After returning to Utah, Curtis immediately began to weigh his options about how to get back into football. His father had called a number of schools, gauging interest in his son.
The schools that had showed plenty of interest in Curtis before now wanted nothing to do with him. BYU told him to enroll in a community college and play in a city flag football league.
Curtis was well aware that he would have to walk on and probably redshirt, but he had no designs on proving himself all over again in some flag football league. Taking into account financial concerns, Curtis searched for a school in the state that would give him a chance.
That school was Utah State, located in Logan, Utah. Curtis redshirted immediately and was once again the invisible man.
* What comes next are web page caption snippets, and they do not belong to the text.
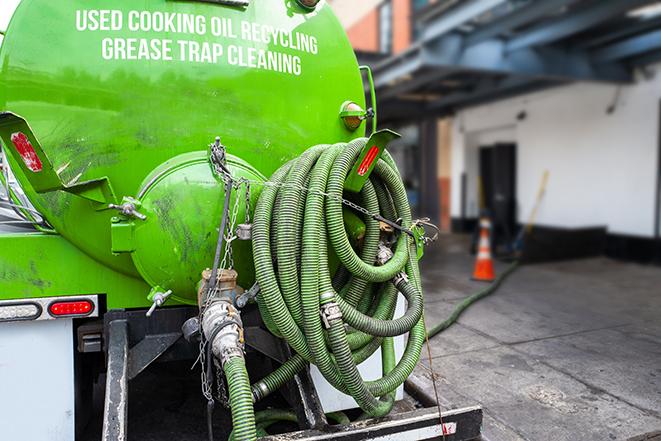 a grease trap being pumped by a sanitation technician in Richmond, RI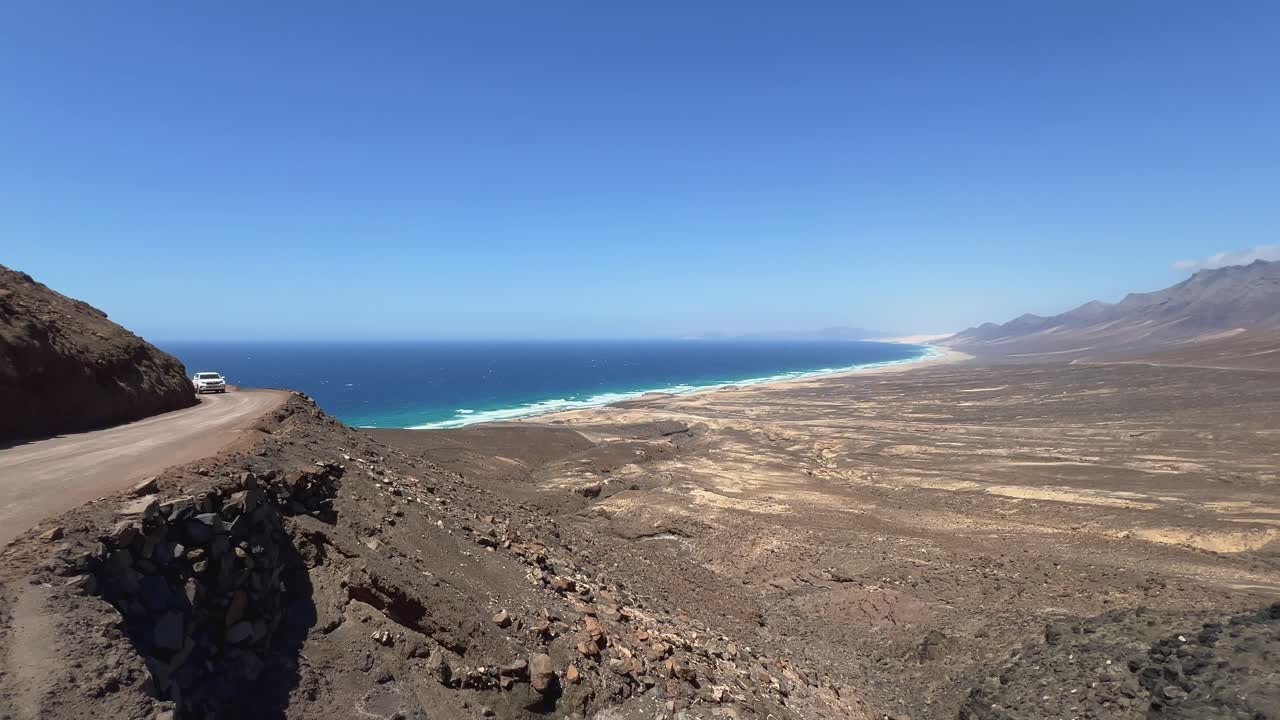 A white SUV car drives on the dangerous, winding dirt road of the Jandia mountain pass, with a breathtaking high-angle view of Cofete Beach. Fuerteventura, Spain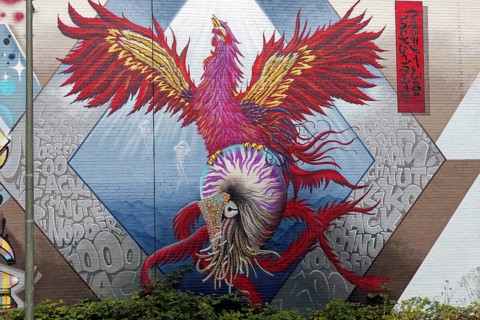 Phoenix holds cephalopod Nautilus in its clutches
Curtis' sister was friends with Fuentes, who was the team's starting quarterback when Curtis enrolled in 2000.
But when she mentioned to Fuentes that her brother was also on the team, Fuentes refused to believe it.
"I went out there and I came back the next day and told her there was nobody on the team with that name," Fuentes said. "I said maybe he was mistaken or he might have told you something, but I don't know who he is."
It was easy to overlook Curtis, who was playing scout team receiver and attempting to make an impression on the coaches. That impression was made in stunning fashion in the spring of 2001.
After running a blazing 40-yard dash, the entire Utah State team and coaching staff took notice of the special speed that Curtis possesses. Curtis estimates that he runs in the 4.3s on a consistent basis, mixing in something in the upper 4.2s on occasion. In other words, Curtis is scary fast.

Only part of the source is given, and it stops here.